Background Increased myocardial fibrosis has been detected in the endomyocardial biopsies of survivors. CMR has established its role in the assessment of both cardiac function and structure, and focal fibrosis of the myocardium is detectable with late gadolinium enhancement (LGE).
Methods Sixty-two anthracycline-exposed long-term survivors of childhood cancer were studied at a mean age of 14.6 years. The LV and RV ejection fractions (EFs) and volumes were measured, and LGE was assessed using CMR.
Results An abnormal LV function (EF <45%) was detected in 18% (11 of 62) of the survivors, and an abnormal RV function was detected in 27% (17 of 62) of the survivors. Subnormal (45% ≤ EF <55%) LV function were demonstrated in 61% (38 of 62) and subnormal RV function in 53% (33 of 62) of the survivors, respectively. Both the LV and RV end-systolic and LV end-diastolic volumes were increased compared with reference values. None of the study patients showed LGE.
Conclusions A considerable proportion of the long-term survivors of childhood cancer with anthracycline exposure demonstrate signs of cardiac dysfunction detectable by CMR, with the RV also being involved. Yet, myocardial fibrosis does not seem to be detectable at a median of 7.8 years after anthracycline therapy.
Anthracyclines are widely used in the treatment of many childhood malignancies, but a dose-dependent cardiotoxicity is limiting their use. Late toxicity is defined as cardiac abnormalities developing no earlier than 1 year after anthracycline treatment, but in some cases it is not discernible until years or decades later. Late cardiotoxicity can manifest as subclinical abnormalities in the cardiac function, dilated cardiomyopathy, and/or heart failure and is usually irreversible. The cumulative drug dose, mediastinal irradiation, young age at exposure, female sex, and time post-exposure are known risk factors for anthracycline cardiomyopathy also modified by genetic factors (1–3). The prevalence of subclinical cardiotoxicity is between 0% and 57% (4), and the prevalence of anthracycline-induced clinical heart failure is between 0% and 16% (5). Mulrooney et al. (2) reported a cumulative incidence of congestive heart failure exceeding 7.5% at 30 years among those with a cumulative anthracycline dose ≥250 mg/m2 and 2.5% among those with a lower dose. Published data also indicate that a left ventricular (LV) dysfunction, frank heart failure (6), and terminal cardiomyopathy (7) may occur even at lower doses. Childhood cancer survivors thus seem at an increased risk for anthracycline cardiotoxicity with their young age at exposure and longer life expectancy.
Among the cancer survivors, echocardiography has been widely used in the follow-up of cardiac function, but it has limitations in sensitivity and problems caused by a suboptimal acoustic window (8,9). Cardiac magnetic resonance (CMR) imaging is considered a standard of reference in the assessment of cardiac function and structure against which other modalities are validated (10,11). With anthracycline cardiomyopathy having been thought to involve mainly the LV, the follow-up protocols of cancer survivors have, until recently, largely neglected the right ventricle (RV) with its complex anatomy and scarcity of optimal imaging methods. CMR is considered the best method for visualizing the RV (12) and thus used in the follow-up of heart diseases affecting the RV (13).
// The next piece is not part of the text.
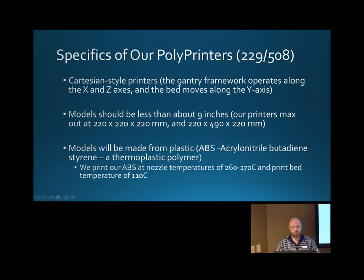This shows a bit more about our printers — you can see what our nozzle temperatures and bed temperatures are at. The models we print have a size limit based on how big our printers can print: about 220 by 220 millimeters in each direction, and then we have one that's longer in one direction at about 490 millimeters.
Many cardiac diseases lead to fibrosis of the myocardium classifiable for clinical purposes as local or diffuse (14). Late gadolinium enhancement (LGE) in CMR after the administration of a gadolinium-chelated contrast agent (Gd-CA) is a well-established method for assessing focal fibrosis (15). LGE for fibrosis or deposition of abnormal substrates in the myocardium can be used in patients with myocardial infarction, hypertrophic and dilated cardiomyopathies, infiltrative diseases, and myocarditis (16).
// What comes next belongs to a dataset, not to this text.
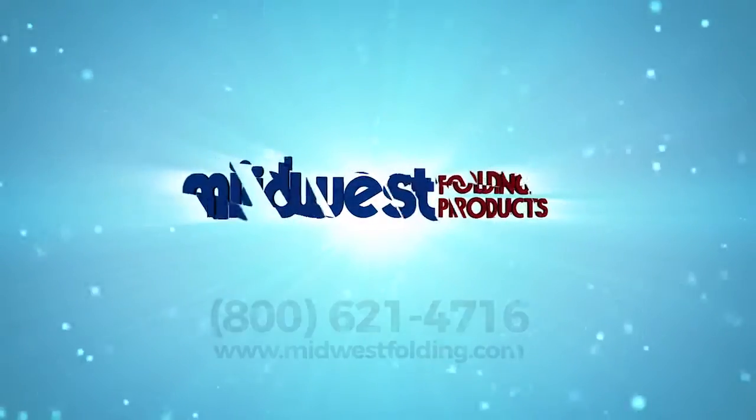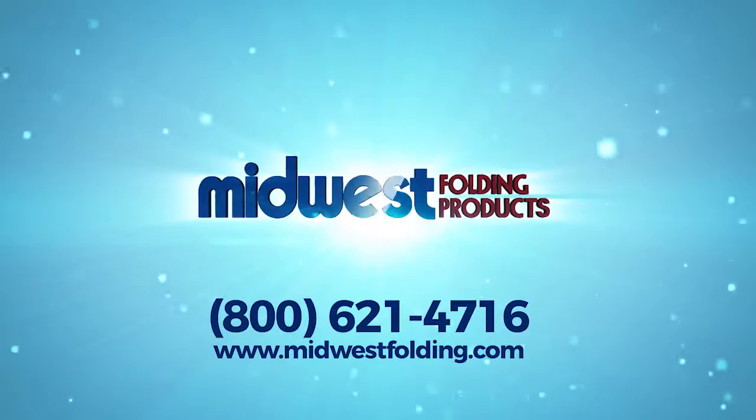For more information on the Poly Chair Caddy, please contact Midwest Folding Products today.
The pathogenesis of late-onset cardiac toxicity remains incompletely understood, but evidence exists on myocyte apoptosis after anthracycline exposure (17), resulting in myocardial fibrosis detectable on LGE. Steinherz et al. (18) have reported on increased fibrosis in the endomyocardial biopsies taken from the RV and at autopsy among the long-term cancer survivors with anthracycline cardiomyopathy.
The aim of our study was to evaluate the prevalence of LV and RV dysfunction and signs of focal fibrosis with CMR among anthracycline-exposed long-term childhood cancer survivors in a single-center setting.
Characteristics of the study population
The study population consisted of 62 long-term survivors of childhood cancer (34 female and 28 male) attending the population-based pediatric hematology-oncology service of the Tampere University Hospital (Tampere, Finland) between February 2010 and June 2011. The survivors enrolled had received anthracyclines (doxorubicin, daunorubicin, idarubicin, or mitoxantrone) as a part of their therapy, had a minimum follow-up of 5 years, had no congenital heart disease, and were in remission. Of the 86 survivors initially recruited, 62 agreed to participate in the study. The body surface area (BSA) at diagnosis was used to calculate the cumulative anthracycline dose. Dose conversion to doxorubicin isotoxic equivalents was performed according to the Children's Oncology Group recommendations. CMR was performed only for study purposes with only 1 child requiring anesthesia to achieve optimal images. The institutional review board of the Tampere University Hospital approved the study protocol. All survivors and their legal guardian(s) gave their written informed consent.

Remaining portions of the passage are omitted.